DATA FOR ANALYSIS.
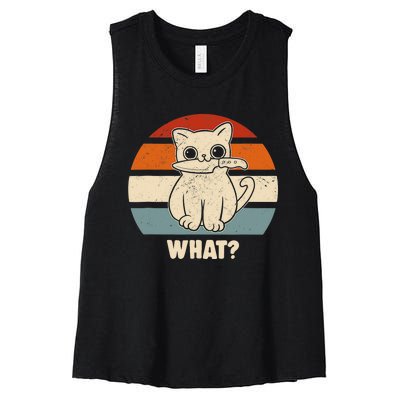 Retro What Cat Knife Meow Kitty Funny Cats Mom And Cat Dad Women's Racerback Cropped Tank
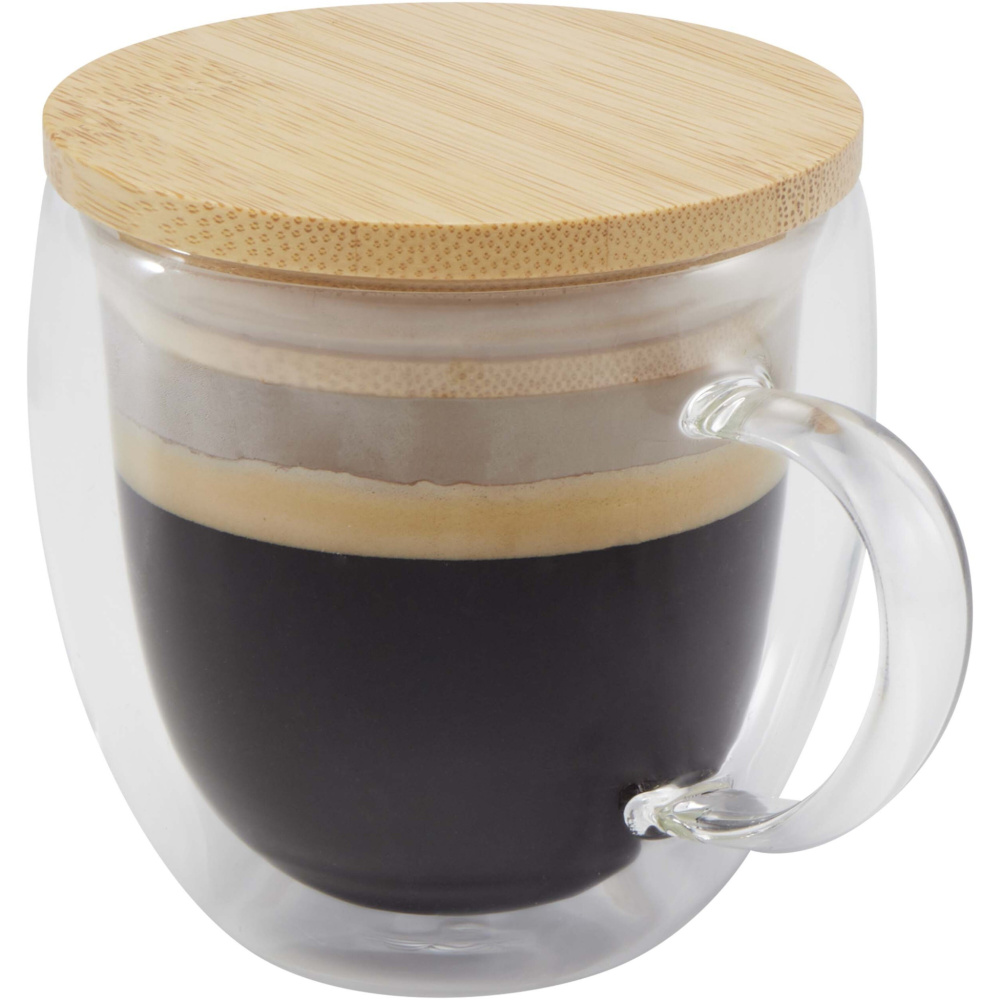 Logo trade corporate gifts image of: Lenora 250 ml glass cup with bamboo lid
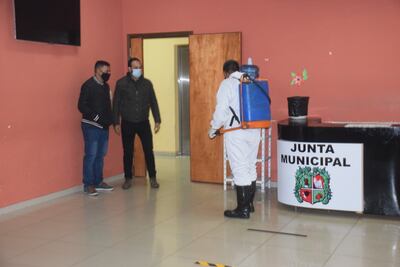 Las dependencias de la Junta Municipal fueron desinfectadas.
==
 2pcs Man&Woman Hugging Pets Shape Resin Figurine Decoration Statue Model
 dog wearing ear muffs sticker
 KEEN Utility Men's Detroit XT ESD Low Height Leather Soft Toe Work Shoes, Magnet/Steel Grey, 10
==
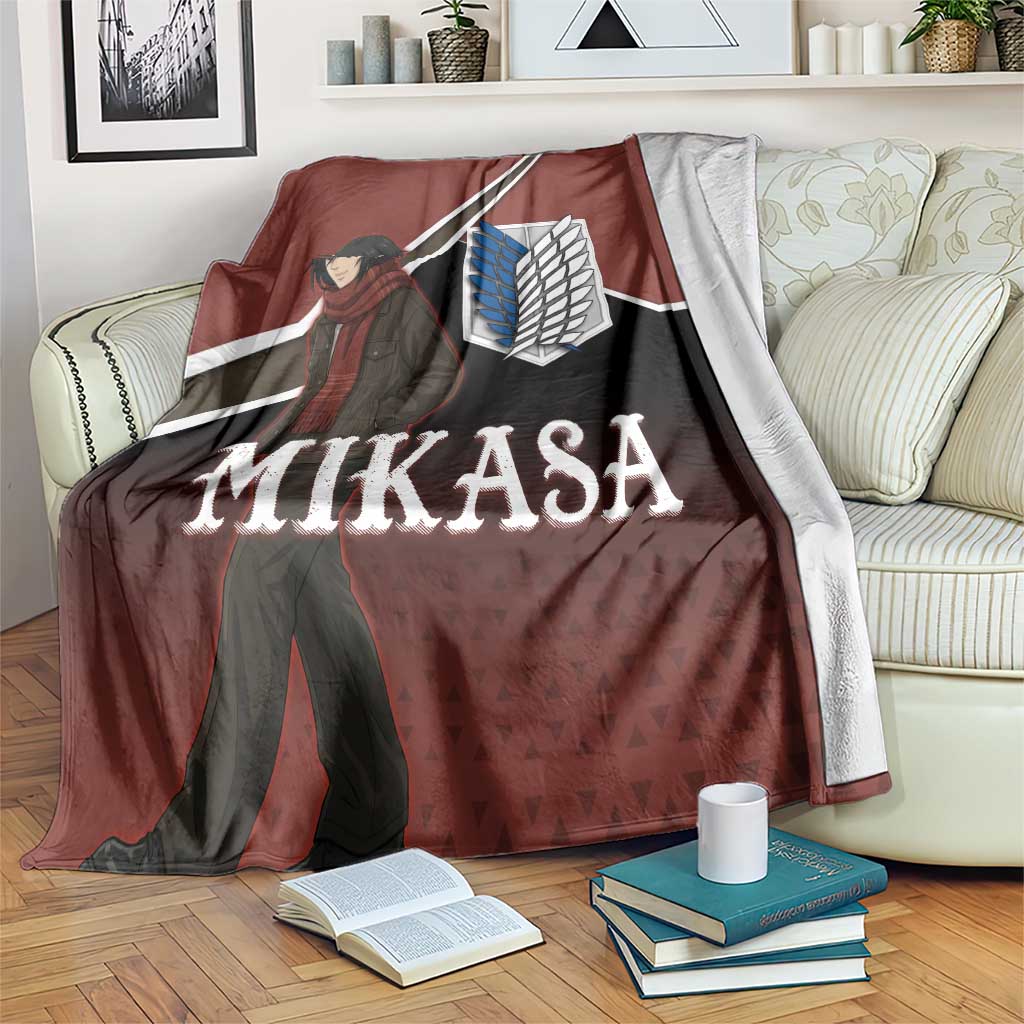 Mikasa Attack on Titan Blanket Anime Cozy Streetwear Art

WORK REQUEST. Return only the part of the records above that opens with the line containing "2pcs Man&Woman Hugging" and closes with the line containing "KEEN Utility Men's", ends included.

EXERCISE SOLUTION.
 2pcs Man&Woman Hugging Pets Shape Resin Figurine Decoration Statue Model
 dog wearing ear muffs sticker
 KEEN Utility Men's Detroit XT ESD Low Height Leather Soft Toe Work Shoes, Magnet/Steel Grey, 10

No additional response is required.